VISITA NEFASTA                                            

Han transcurrido tres horas y la señora sigue sentada en su silla de ruedas. El calor exige a los pacientes abanicarse con sus propias manos y la secretaria continúa ocupada organizando papeles. La mejor opción es esperar.

Se abre la puerta y con el dedo el doctor señala que puede entrar la paciente. Les indica donde colocar la silla de ruedas. El tose, toma agua y se come una empanada. Intenta explicarle con señas que tiene hambre. Le suena el teléfono fijo y da información de sus servicios, suena un celular y la esposa le recuerda un dinero para pagar los trabajadores de la finca, se deduce por la respuesta; también le comenta estar preocupado por la cancelación de citas y disminución de pacientes. Teclea en un computador de pantalla grande ubicado en una mesa al lado del escritorio, llena cuadritos, se supone es la historia clínica, deletrea, susurra un sí, un no y dice aceptar, se oye el clic de la máquina. Enciende un portátil colocado a un lado del otro ordenador e introduce un cd sacado de una caja llena de ellos. Sin levantar la mirada del escritorio, pregunta por el nombre y número de cédula de la paciente. Se ríe, deja ver algunas migas de arroz en los dientes, se estira, se le ven los pelitos argollados del tórax. Levanta las manos encima de la cabeza y muestra las manchas amarillas en las axilas de la camisa.

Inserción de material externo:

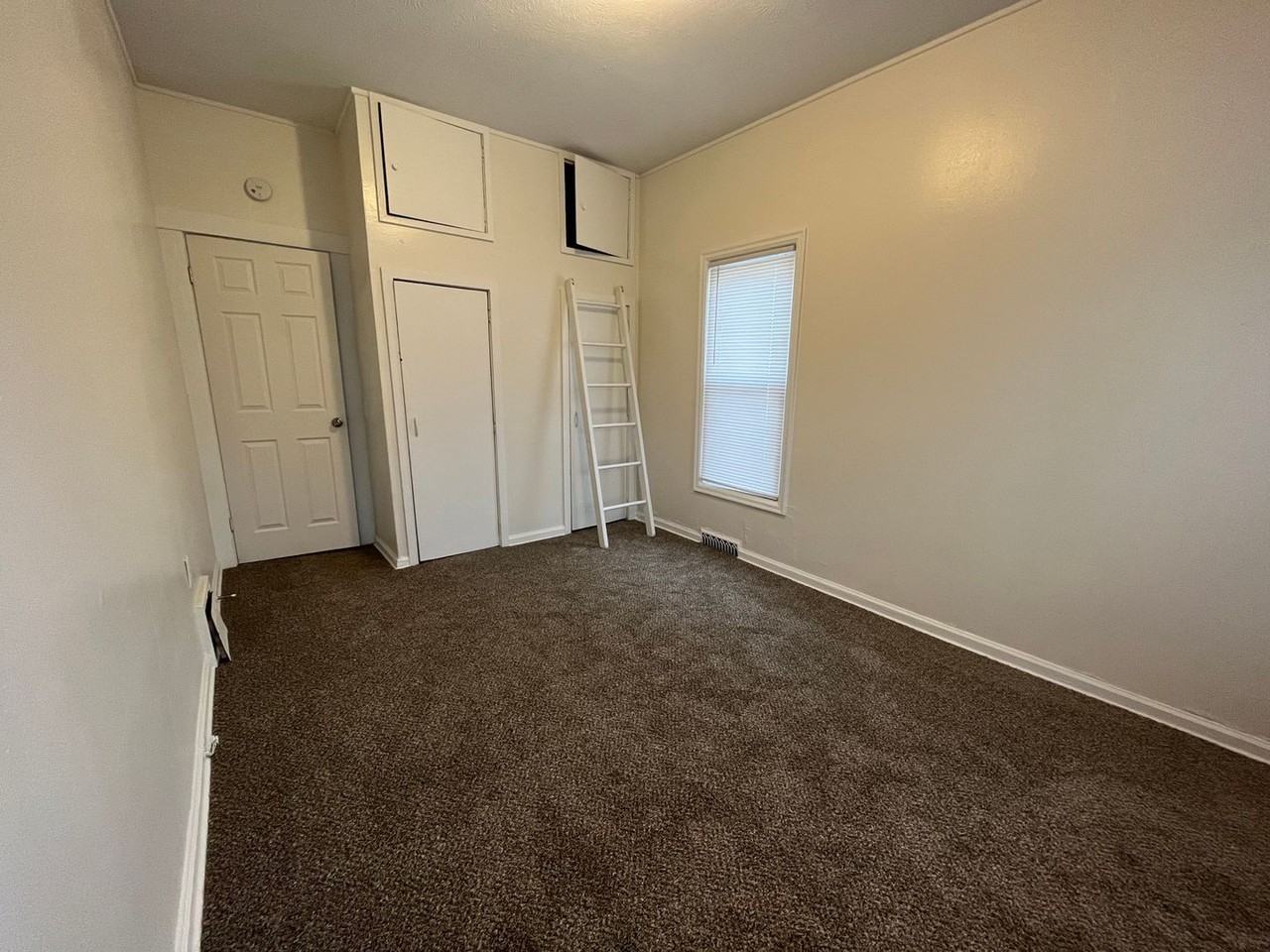 4123 Wirt St - Photo 5 of 9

Suena una salsa y la tararea.          

Atormentada por la demora, la señora mira el reloj e interviene:

          -Es que me estoy quedando sorda, doctor. Tocándose la oreja izquierda.

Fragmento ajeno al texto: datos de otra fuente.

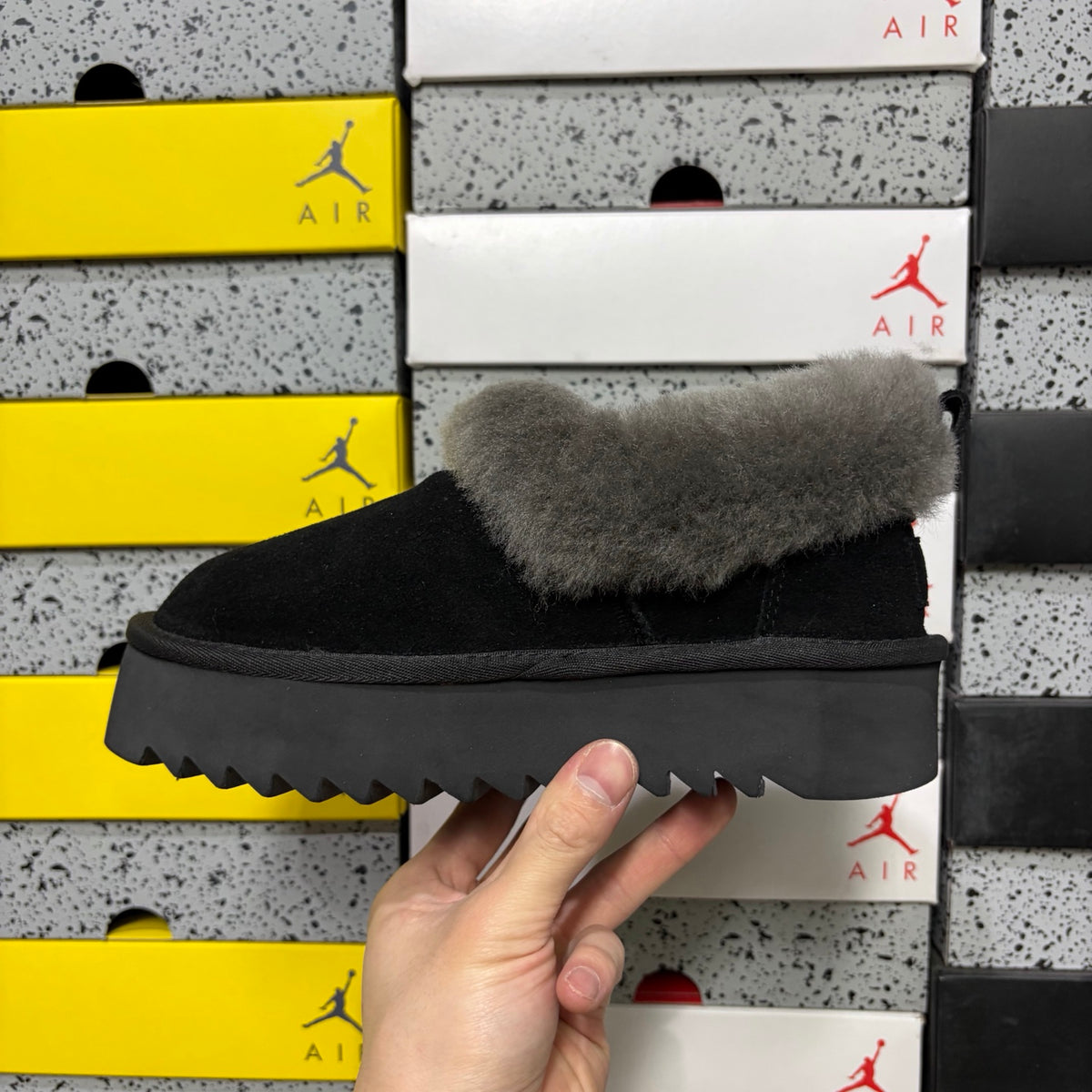 UGG Daisie Platform Boot – Black | Style W1166773 | EU 35–40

          ¿Cuántos años tiene, abuela? Ahora levanta la cabeza y la mira.

          ¿Cómo doctor? repitame es que me estoy quedando sorda, le respondió la anciana

          ¿Qué- cuántos- años- tiene?

          -¡Ahh!, noventa doctor, noventa años.

          El médico se para sorprendido y ayuda a pasarla a la silla del examen. Se acomoda su lámpara de minero, le coloca un embudo de cobre en el oído señalado. Han pasado quince minutos. Por el orificio agrandado introduce una pinza delgada y filuda, presiona, ausculta, hace malabares y llama a la auxiliar para pedirle otra referencia de pinza. Pasados unos segundos le entregan una pinza en forma de hoz. Hace un nuevo intento y por fin extrae una bola parecida a una semilla de tamarindo, nacida. El tararea la salsa y le dice: ajá, con que teníamos una pelota escondida. La anciana se queja, llevándose la mano a la cabeza y dice entre dientes que siente algo de mareo. El doctor le dice que ya va terminar, al tiempo que empieza a envolver la raíz con la ayuda de la pinza filuda, enrolla, estira y enrolla de nuevo como una madeja de hilo.

          De un momento a otro la señora blanquea los ojos, se encoje en la silla y queda como en posición fetal. El médico la llama, la toca, regresa al computador un poco nervioso, escribe, tararea la salsa, vuelve, mira a la auxiliar y esta le advierte a la anciana que no se preocupe porque está en las mejores manos. El doctor, sigue enrollando la interminable raíz. Toma con las dos manos la cabeza desgonzada, la endereza, le da una palmada suave en la mejilla y le dice:

          -¿Abuelita, abue, abue, ahora- si- me- oye?

Tropieza con la silla, suelta la pinza, rueda la pelota y se desenvuelve la raíz en el consultorio.